La versione dei fatti riportata dal reverendo Forba, in base alle testimonianze dei presenti, è la seguente: il pastore, nonché segretario presbiteriale locale, stava celebrando la messa quando si è sentita una pesante esplosione fuori dalla porta, seguita da intensi colpi di arma da fuoco. Alcuni di questi spari sono entrati nella chiesa, andando a colpire il reverendo Voma Simon Montoh, attualmente ricoverato per la ferita, e una fedele, Grace Titalabit, rimasta uccisa.
In rete, dopo la diffusione delle immagini dell’accaduto, sono circolate accuse sia ai miliziani separatisti che alle forze governative. Tali accuse hanno fatto reagire il ministero della Difesa, che lunedì sera in un comunicato – al quale ha avuto accesso InfoAfrica/Africa Rivista -“ha puntato il dito contro una “propaganda secessionista sostenuta da alcuni media e organizzazioni non governative nazionale e internazionali mediatica” e condannato la “diabolizzazione delle forze di difesa e di sicurezza”.

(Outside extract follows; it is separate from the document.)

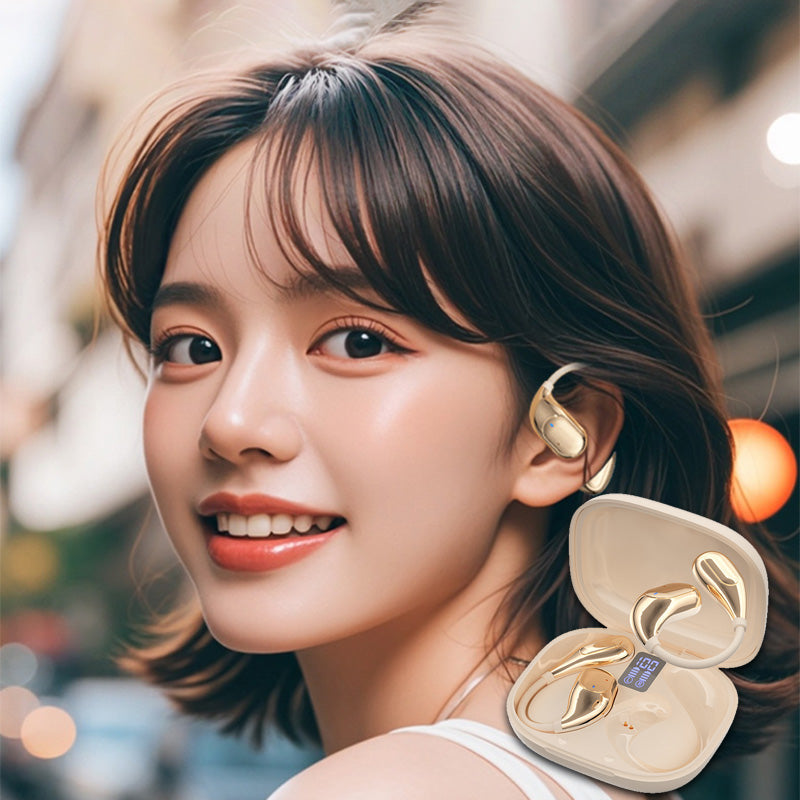 🔥50%OFF hot  Sale🔥HiFi Waterproof Ear-Hook Bluetooth Headphones 🔥Buy 2 - Free Shipping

Secondo il resoconto dettagliato della Difesa, l’accaduto di Bali non è altro che un “fallimento di coordinamento fra elementi di una stessa fazione terroristica criminale ben identificata che semina terrore a Bali”, ovvero il gruppo Buffalo’s fighters od Bali, a cui fa capo il sedicente generale Grand Pa’a. Impegnati in un pattugliamento di routine, gli agenti si sono fermati al crocevia di Ntanfoang, non lontano dalla chiesa e dal palazzo di giustizia, “in una mossa che ha sorpreso i terroristi, che avevano posato mine in alcuni alcuni punti del passaggio della pattuglia”. Un ordigno sarebbe allora esploso prima del previsto, provocando un movimento di panico fra i passanti e i fedeli. Gli stessi terroristi, presi dal panico, “si sono rifugiati a gruppi in vari luoghi del posto, compresa la chiesa, e hanno iniziato a sparare all’impazzata, cercando di mirare alla pattuglia. Il comunicato precisa che le forze di sicurezza non hanno aperto il fuoco in risposta e afferma che le prime verifiche balistiche dimostrano che i proiettili e schegge di esplosivo ritrovate fanno parte dell’arsenale artigianale dei miliziani.